What we want to see in this miracle is an easy way out.  The need is not overwhelming, no matter how large the crowd.  The impossible becomes ordinary, against our expectations.  God is for us, against all odds – that’s what we want to hear in this story.  When our expectations overwhelm us, Jesus steps in, gives thanks, and all is made miraculously well.  Because life is rather like a crowd in a deserted field, and we imagine ourselves at the centre of the story.  We expect to be asked to solve the whole problem – at once, and by ourselves.  We expect to be held responsible in case of failure.

We expect any help to be a long way off.  But this is not a parable of life – it is yet another glimpse into the kingdom of heaven, and the kingdom of heaven is not about our abilities or our expectations.

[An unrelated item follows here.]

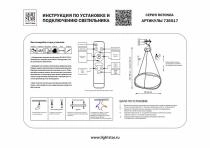 Подвесной светильник Lightstar Rotonda 736517 2_LS_736517.webp small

There is a miracle at the centre of every kingdom story.  Miracle is the word we use when the result cannot be explained by our experience.  And Jesus invites us to facilitate the miracle: “you give them something…”, he says, without bothering to tell us how it might be possible.   Instead, he shows us how; producing food from scarcity – hope from despair – life from death.  Jesus stands as a living parable, urging us toward something more – something of God.

It’s simple enough: Take what you have – your time; your food; your friendship; your life – and share it in faith.  By such acts of compassion, miracles are made.  By our imitation of Christ the kingdom is brought slowly and surely into view.